Aber die Super League? So richtig glaubten bis gestern zu später Stunde die wenigsten dran. Denn auch dieses Mal schien der FCW den Beweis zu erbringen, unaufsteigbar zu sein – im Gegensatz zu Schaffhausen, Yverdon, Vaduz, Wil, Thun oder Xamax, die es alle mindestens einmal schafften in den letzten 20 Jahren.
Der FCW hatte eine gute Mannschaft, klar, er bewies das auch in vielen Direktduellen, beispielsweise mit Aarau. Er hatte auch das Quantum Glück, das braucht, wer oben sein will. Und vor allem: Er lag an Ostern fünf Zähler vor dem FCA an der Spitze. Alles lief für Winti.
Und dann flatterten die Nerven
Dann schien das Team von der ewig gleichen unheilvollen Entwicklung betroffen zu sein: Es zeigte Nerven und gewann keines von vier Spielen. Beim FCW glaubten sie, die günstigste Chance für die Super-League-Rückkehr nach 37 Jahren sei ihnen entglitten. Mal wieder. Und das auch unter Alex Frei, dem ehrgeizigen Nati-Rekordschützen, der im Winter von Ralf Loose übernahm und dem gute Arbeit attestiert wird. Selbiges gilt für Sportchef Oliver Kaiser, einen früheren Spieler, der die Mannschaft formte – mit Spielern wie Roberto Alves, Roman Buess oder Thibaut Corbaz.
Doch auch unter ihnen schienen die Winterthurer geblieben zu sein, was sie waren: die Unaufsteigbaren. Die mit diesem Schicksal aber keinesfalls hadern, sondern gut mit ihm leben – und zuweilen gar mit ihm kokettieren.

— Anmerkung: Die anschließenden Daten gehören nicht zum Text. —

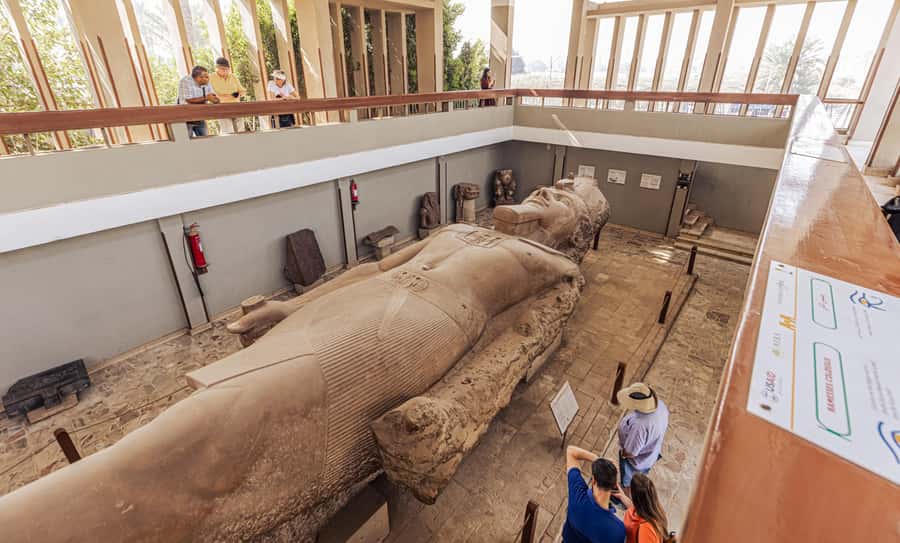 From Cairo: Pyramids of Giza, Sphinx, Saqqara & Memphis Tour - Key points to know before booking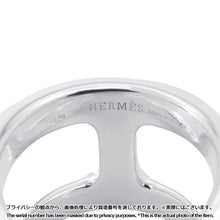 Load image into Gallery viewer, HERMES Osmoz Ring Size GM/56/#16 SV925
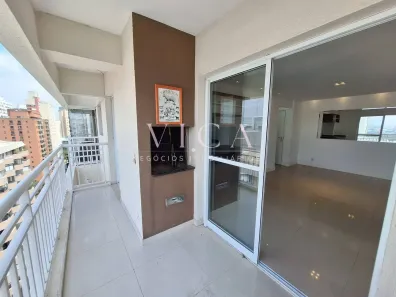 Apartamento com 2 Quartos para alugar, 86m² no Alphaville Centro Industrial e Empresarial/Alphaville., Barueri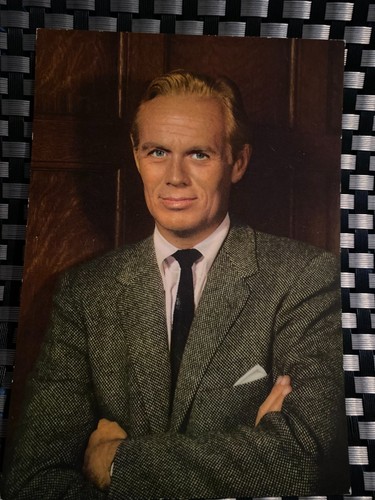 Filmstar richard widmark - ,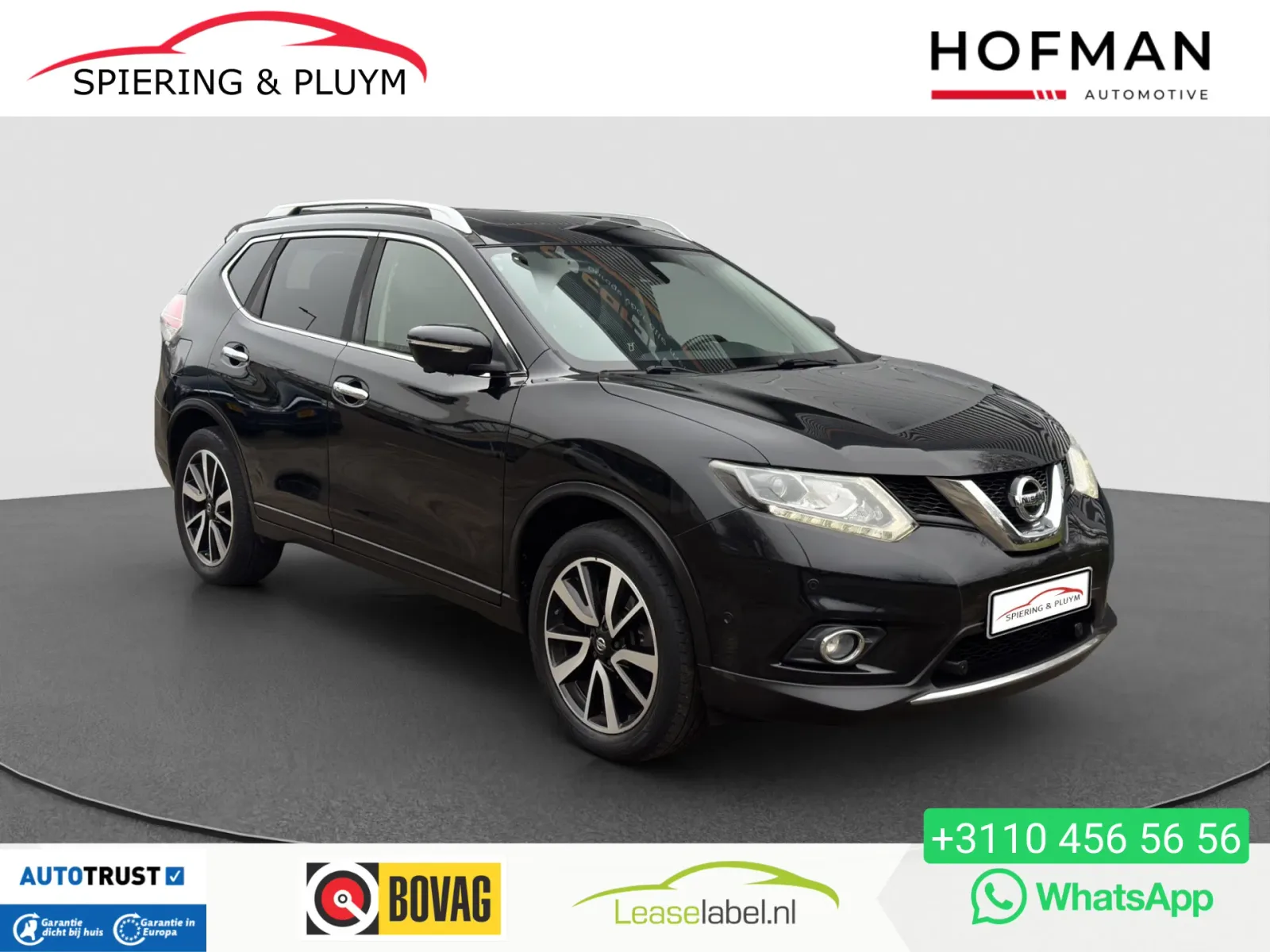 Nissan X-Trail (2015) — foto 1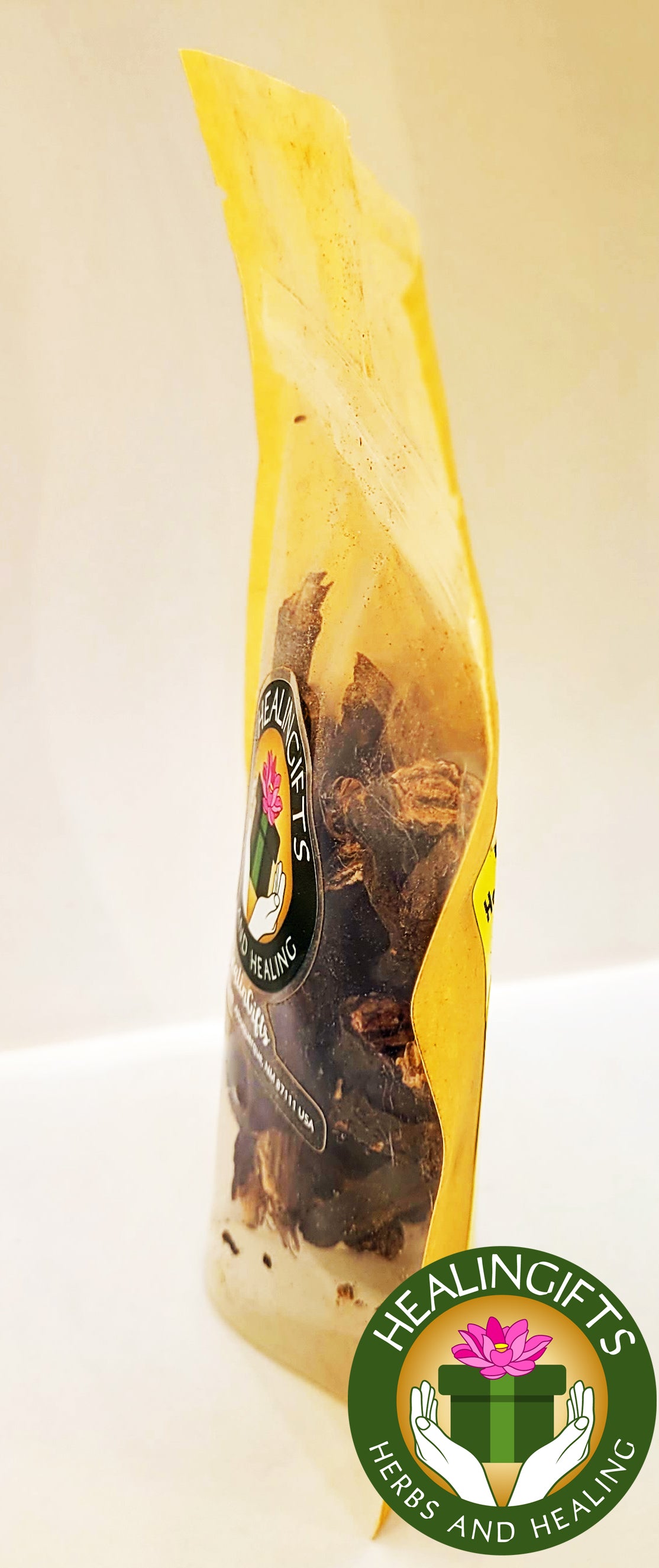 Raíz de zarzaparrilla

Blütezeit zwischen 1967 und 1977
Viele Ältere ergötzten sich an den grossen Zeiten. Sie dachten an Timo Konietzka zurück, der Ende 60er nur wegen einer Bundesliga-Sperre und viel Geld der Winterthur Versicherungen beim FCW gelandet war – und dann in den Cupfinal 1968 einzog und in die Nationalliga A aufstieg. Oder an Max «Mannix» Meili dachten sie, den cleveren Stürmer, der jahrzehntelang einen Bierladen führte und noch heute kein Getränk zahlen muss, wenn er abends ausgeht.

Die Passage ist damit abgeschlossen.